O que não correu tão bem: - O par de apresentadores, um homem, uma mulher, uma negra, um branco - até aqui, tudo certo. O problema foi a apresentadora ter decidido armar-se em engraçadinha à custa do seu colega, fazendo um humor que o humilhava. De cada vez que ela reincidia, eu resmungava dentro de mim: "ó minha palerma, lembra-te disto: queremos justiça, não vingança!"
- O momento ridículo em que a directora da Berlinale, Mariette Rissenbeek, se pôs a falar dos patrocinadores do festival dizendo uma frase de publicidade para cada um deles. Menos, Berlinale, menos... - O Verti Music Hall, onde assisti à cerimónia: um pavilhão de concertos, transformado à pressa em sala de cinema. Com cadeiras em vez de cadeirões, e tão frio que tive de vestir o casaco de inverno. Bem feita, para não me queixar do Friedrichstadt Palast, e que me fique de emenda: é melhor não me queixar, porque as coisas podem sempre piorar.

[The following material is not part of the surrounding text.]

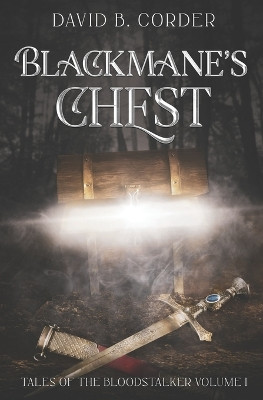 Blackmane's Chest by David B Corder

Em termos logísticos, a Berlinale está a empobrecer. A Audi já não é patrocinadora (RIP, fantástica lounge da Audi mesmo em cima da passadeira vermelha do Berlinale Palast), e desde o ano passado deixou de poder contar com o complexo de cinemas do Sony Center. O festival espalhou-se mais pela cidade, com os cinemas muito mais distantes uns dos outros. Para quem gosta de ver vários filmes por dia, a situação fica um pouco mais complicada.

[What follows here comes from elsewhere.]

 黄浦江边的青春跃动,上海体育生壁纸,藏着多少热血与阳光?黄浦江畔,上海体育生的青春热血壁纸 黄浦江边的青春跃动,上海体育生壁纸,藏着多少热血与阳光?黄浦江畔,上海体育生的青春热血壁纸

She Came to Me, o filme de abertura, foi leve, bem disposto e sem nada excepcional, excepto ser uma espécie de amostra do que está a mudar para melhor: o casting incluía vários não-brancos e um actor com nanismo que não fazia de "anão", mas simplesmente de compositor; nas personagens jovens reconheci a geração dos meus filhos: ponderados, com distanciamento interior, excelentes na comunicação.
Foi o dia zero. Quando tiver tempo, conto sobre o dia 1, e adianto já: se a Berlinale 2023 tivesse terminado ontem, já me tinha valido a pena. Ainda estou atordoada com os filmes que vi. Até já.
2 comentários:
dia zero porquê? parece-me ser dia 1
Como só tem o filme de abertura, vejo-o como o dia anterior àquele em que a máquina arranca a sério, com a exibição de dezenas de filmes ao longo de todo o dia.